Staithes and Cowbar Nab

A view east from Boulby Bank.

The sea looks quite benign from this height but beyond the lee of the cliffs the westerly winds were whipping up the white horses.

It was much worse on this day in 1885, 135 years ago, when the North Sea coast was battered by a severe storm. Whitby, just a few miles further along the coast was the scene of two shipwrecks.

The brig Mary and Agnes (Frank Meadow Sutcliffe)
The ‘Mary and Agnes’

The wooden brig ‘Mary and Agnes’ sailing from London to Newcastle with a cargo of scrap iron became stranded on Whitby Beach. The crew of six were rescued with the aid of a rope attached to a rocket fired.
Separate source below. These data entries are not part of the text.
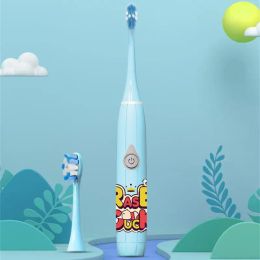 toothbrush Waterproof Electric Toothbrush White Sterilisation Soft Fur Water Proof Flushing One Children's Products Soft Toothbrush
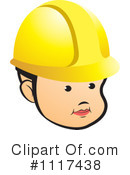 Construction Worker Clipart #1117438 by Lal Perera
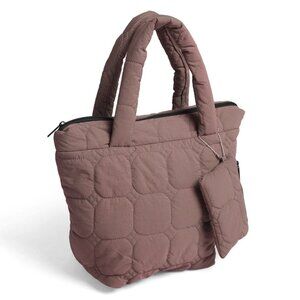 Quilted Padded Women Hand Bag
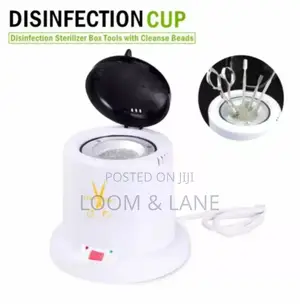 Professional Nail Art Tools Sterilizer Cup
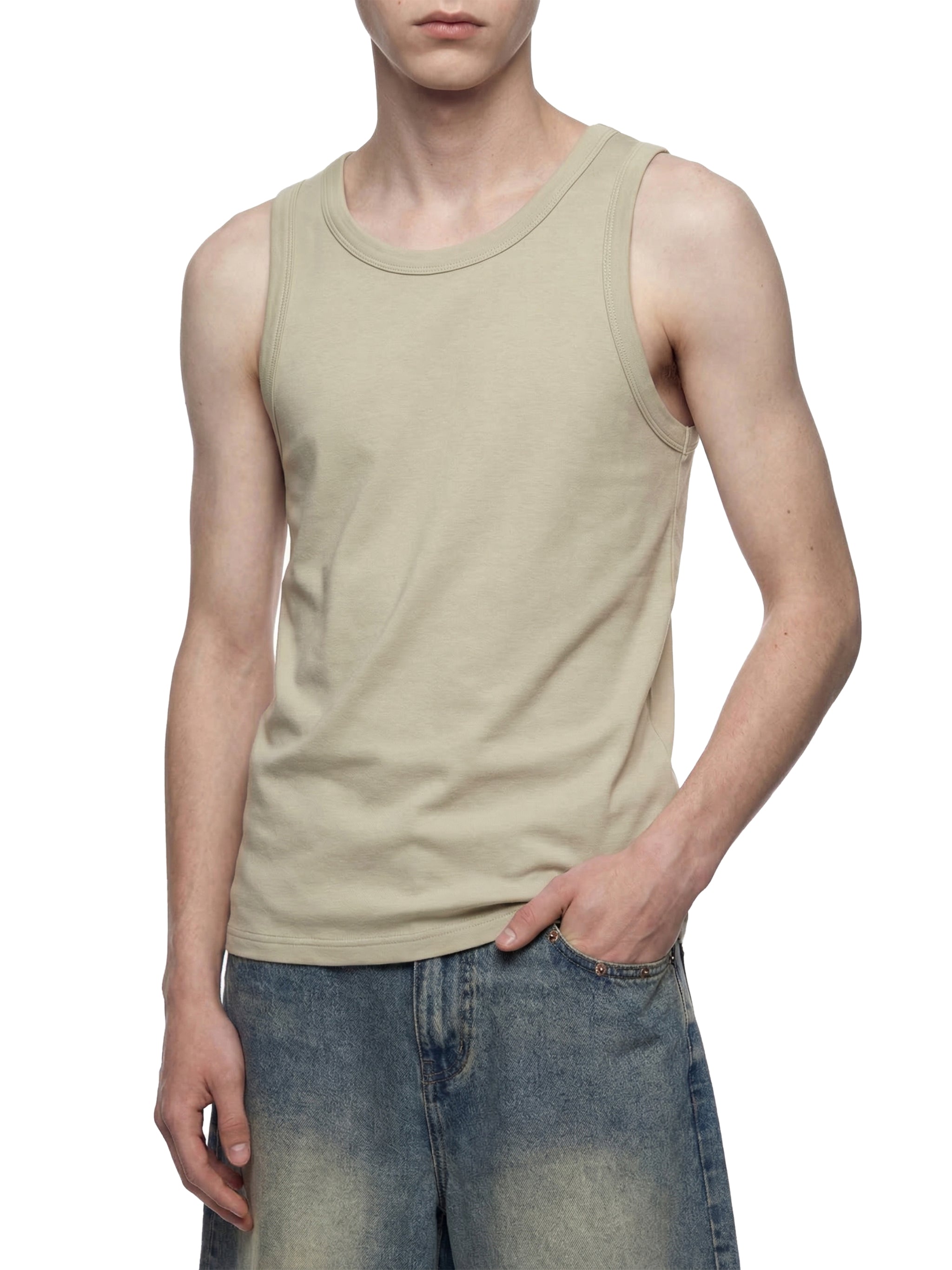 Heavyweight Ribbed Tank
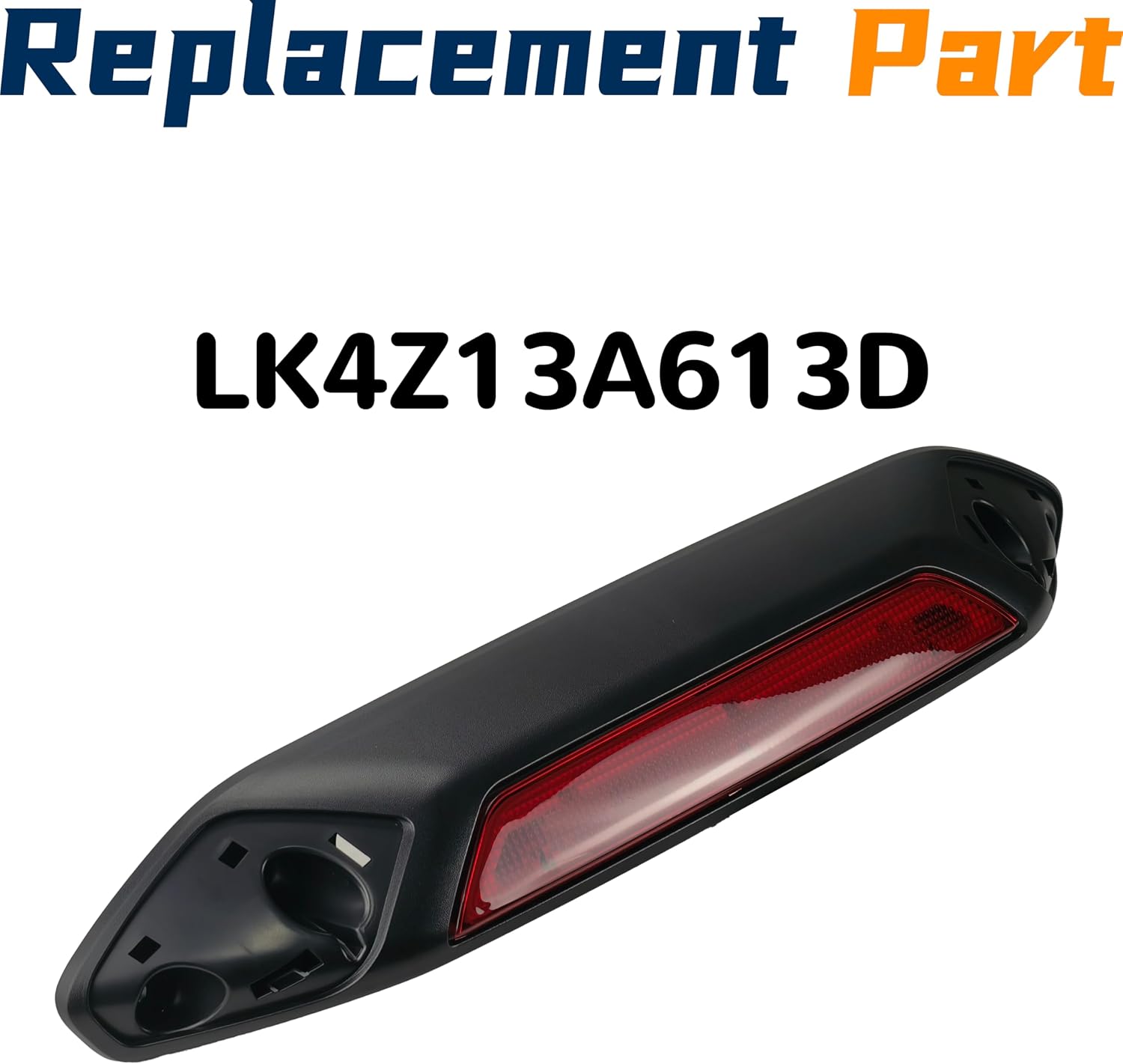 Third Brake Light 3rd Brake Light Assembly fit for Ford Transit 150 250 350HD 2020 2021 2022 2023 2024 2025 High Mount Stop Light Stop Light Lamp LK4Z13A613D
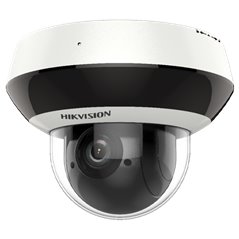 Camera mini PTZ IP 4MP, zoom optic 4X, IR20m, PoE, IK10, DarkFighter - HIKVISION DS-2DE2A404IW-DE3(C0)(S6)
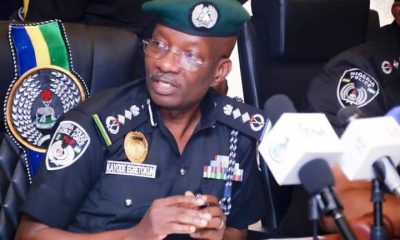 Inspector-General of Police, IGP Olukayode Adeolu Egbetokun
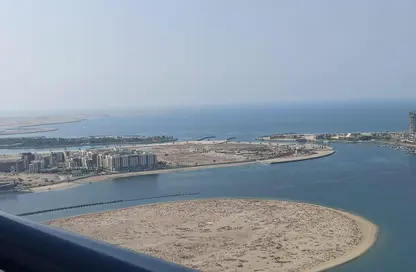 Apartment - 2 Bedrooms - 2 Bathrooms for sale in Beach Tower 2 - Al Khan Lagoon - Al Khan - Sharjah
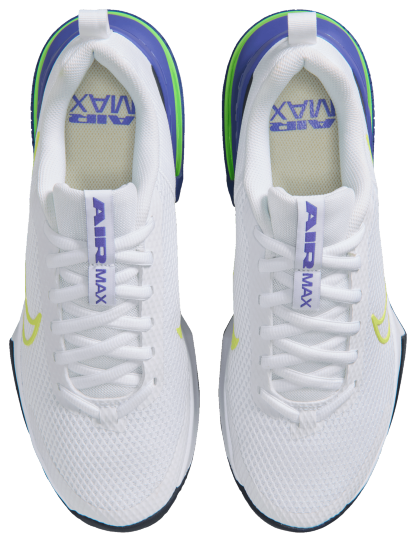 Nike Air Max Alpha Trainer 6 - Lt Lemon Twist/White/Persian Violet - Image 4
The photographer Frank Meadow Sutcliffe captured the stricken ship in a postcard entitled “The Flag of Distress”.

The ‘Dmitry’

The other wreck happened on the other side of Whitby, actually in the Lower Harbour on the beach called Collier’s Hope. This was the Dmitry, a Russian schooner en route from Antwerp to Newcastle-upon-Tyne ballasted with sand. She had already narrowly missed hitting The Scar and by what is considered to be extraordinary seamanship, the captain managed to steer her into the apparent safety of the harbour. But the heavy waves forced the ship onto the beach and continued pounding eventually broke the ship up. Later, in the calm after the storm, a photo of this wreck too was captured by Frank Meadow Sutcliffe for sale as a postcard.

Both scenes attracted thousands of spectators. Thousands lined the promenade, harbour and cliff top to view the two spectacles. When Bram Stoker visited Whitby five years later the wrecks was still fresh in public memory. He may have purchase one of Sutcliffe’s postcards. In his notes, he records that he spoke to the coastguard about the Dmitry and learnt how a dog had jumped off the grounded ship and ran up the church steps and into the churchyard. It is said that this provided the inspiration for Dracula’s arrival at Whitby for his Gothic novel.